Finalmente, halló la respuesta en la intersección entre la economía de la impaciencia y el misterioso arte de la programación de los semáforos. El ayuntamiento había programado las señales de varias manzanas de la calle Clinton para crear una “oleada verde” que, en teoría, permitiría circular a los coches sin detenerse hasta Atlantic. En la práctica, ese sistema creaba un cuello de botella en Atlantic que retrocedía hasta el cruce entre Clinton y Pacific, donde vivía Naparstek. Sin embargo, este dedujo que, si la duración de la luz verde se hacía más escalonada, los conductores se entretendrían en otros cruces y no repararían tanto en el cuello de botella al llegar a Atlantic. El sufrimiento se racionaría y aliviaría en pequeñas cantidades a lo largo del trayecto, apaciguando así la sensación final de estar atrapado.
Naparstek propuso la idea al Departamento de Transporte y persiguió a los funcionarios durante meses hasta que estos, por fin, aceptaron el cambio.
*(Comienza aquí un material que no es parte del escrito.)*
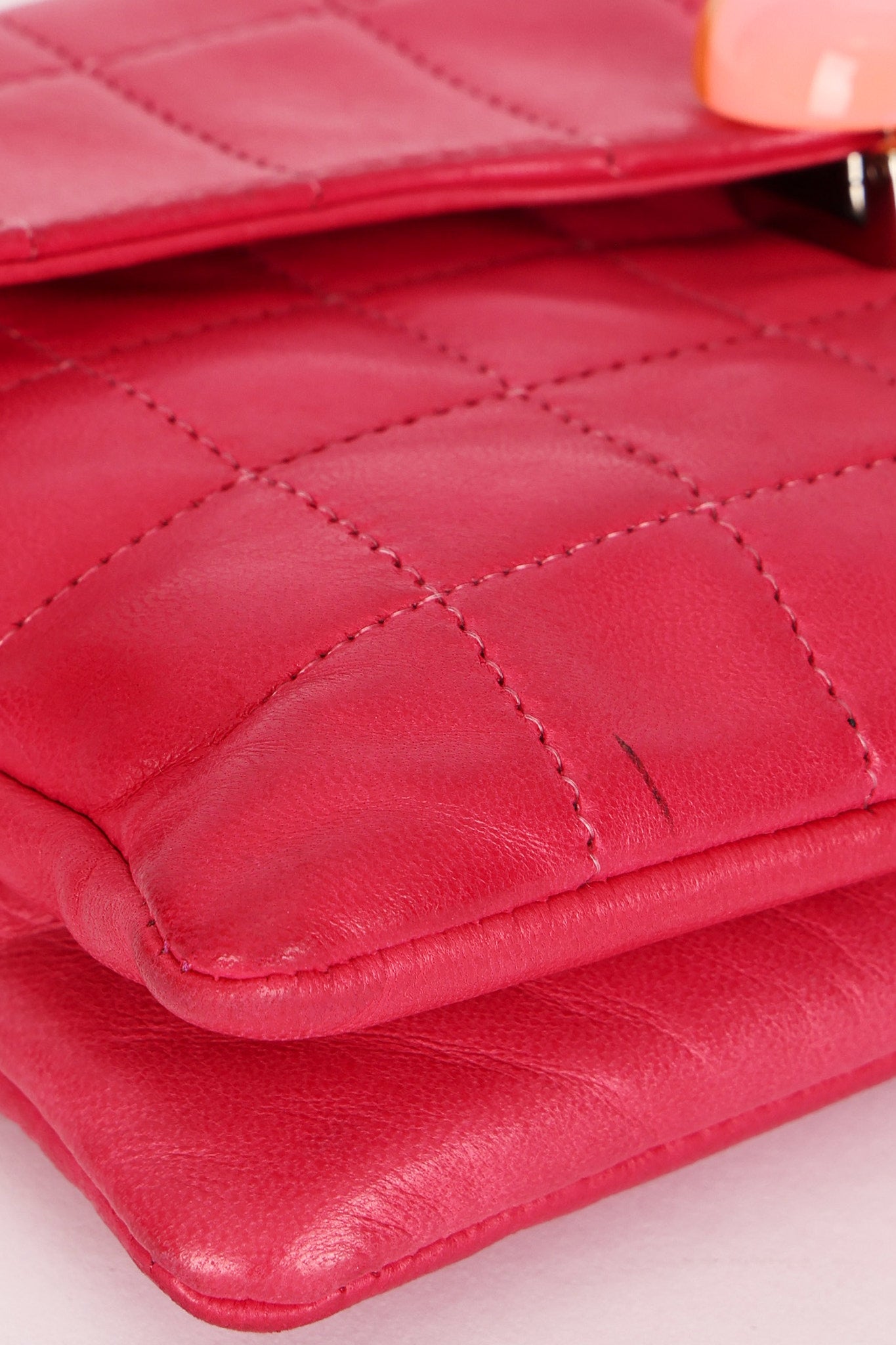 Chanel Chocolate Bar Beaded Chain Shoulder Bag Pink Lambskin SHW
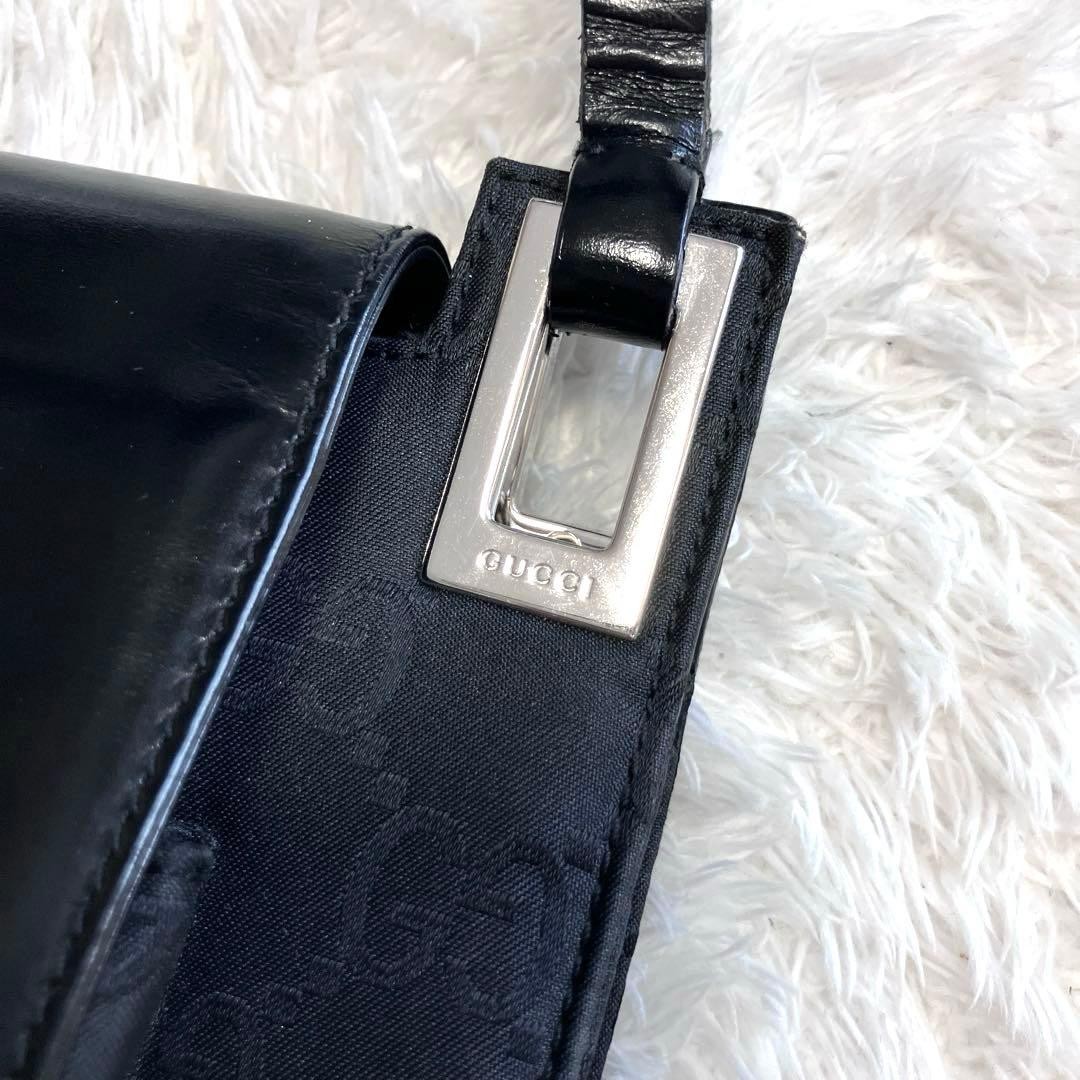 Gucci Shoulder Bag GG Pattern Leather Jacquard Woven Canvas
Fue un pequeño milagro. Los pitidos se habían reducido a algún gemido ocasional la mañana en que me planté en el umbral del edificio con fachada de arenisca de la esquina entre Clinton y Pacific.
Para entonces, Naparstek y su novia se habían mudado a una calle más tranquila, pero él seguía convencido de que la ciudad entera necesitaba enfocar de otro modo la gestión de las calles. También estaba muy motivado por la noción de que cualquiera que se lo propusiera podía cambiar el funcionamiento de la ciudad. Así, luchó para que los coches desaparecieran de Prospect Park y la plaza Grand Army. Se unió a Transportation Alternatives, una asociación de 6.000 activistas en favor de unas calles más habitables. También convenció a Mark Gorton —quien había amasado una fortuna con sus inversiones basadas en algoritmos y con la página web de archivos compartidos LimeWire— para que lo ayudara en el lanzamiento de Streetsblog y Streetfilms, páginas web y campañas en favor de unas calles más seguras, justas y saludables.
Hoy en día, cuando los expertos de todo el mundo debaten los cambios masivos que arrancaron en las calles de Nueva York en 2007, invariablemente reconocen el trabajo del alcalde, Michael Bloomberg, o de su responsable del Departamento de Transporte, Janette Sadik-Khan, pero ese reconocimiento debería extenderse a ciudadanos activistas como Naparstek.